- [HOW TO COMPLETE THIS TASK]: Within the lines below, the span from the line with "Gradient Macaron Mini" to the line with "Olubadan Throne: Ladoja’s Enduring Journey to Royalty Olubadan", both ends included, is to be reproduced exactly, with pictures omitted.

- [TASK DATA]:
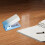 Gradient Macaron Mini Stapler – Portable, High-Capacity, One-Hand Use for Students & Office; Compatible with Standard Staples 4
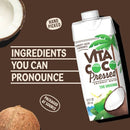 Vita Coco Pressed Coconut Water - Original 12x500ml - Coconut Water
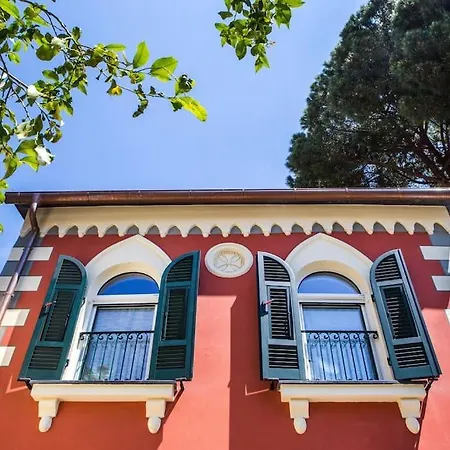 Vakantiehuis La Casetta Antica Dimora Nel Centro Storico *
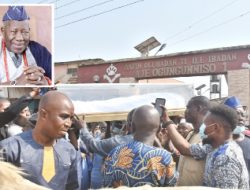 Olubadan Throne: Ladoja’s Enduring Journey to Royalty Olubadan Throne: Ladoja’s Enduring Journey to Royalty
* * *
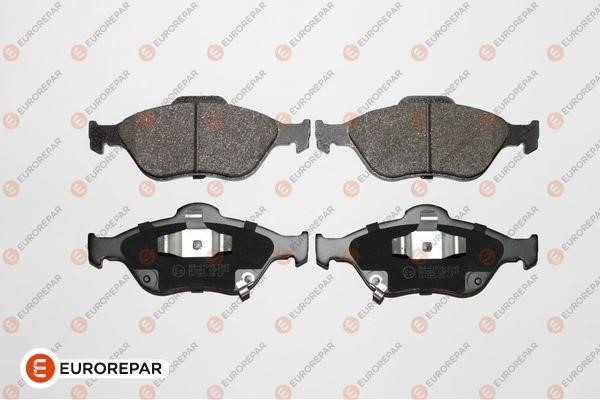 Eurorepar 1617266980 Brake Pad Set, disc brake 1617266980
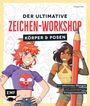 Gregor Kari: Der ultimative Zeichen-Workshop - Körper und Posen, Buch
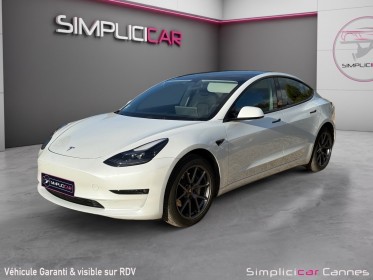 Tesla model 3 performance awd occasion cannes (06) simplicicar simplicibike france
---
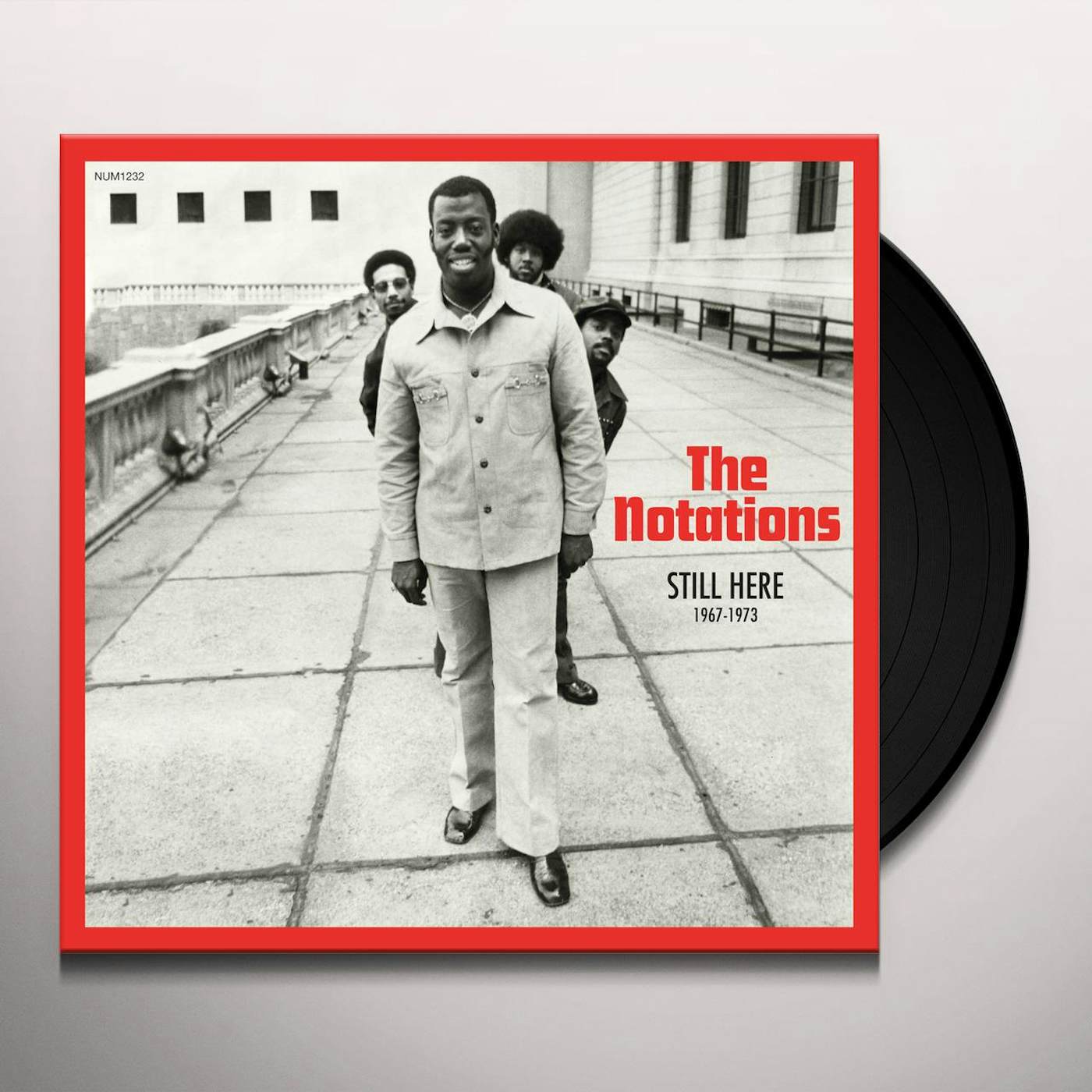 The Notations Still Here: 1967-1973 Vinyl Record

- [YOUR RESPONSE]:
 Gradient Macaron Mini Stapler – Portable, High-Capacity, One-Hand Use for Students & Office; Compatible with Standard Staples 4
 Vita Coco Pressed Coconut Water - Original 12x500ml - Coconut Water
 Vakantiehuis La Casetta Antica Dimora Nel Centro Storico *
 Olubadan Throne: Ladoja’s Enduring Journey to Royalty Olubadan Throne: Ladoja’s Enduring Journey to Royalty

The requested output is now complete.